(Beginning of The data)

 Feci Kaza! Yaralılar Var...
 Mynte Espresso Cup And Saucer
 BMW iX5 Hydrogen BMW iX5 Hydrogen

(End of The data)

Activity —
Copy exactly the line that contains "Mynte Espresso Cup And Saucer" and all lines after it in the listing above, through the final line, and nothing else.

Output below —
 Mynte Espresso Cup And Saucer
 BMW iX5 Hydrogen BMW iX5 Hydrogen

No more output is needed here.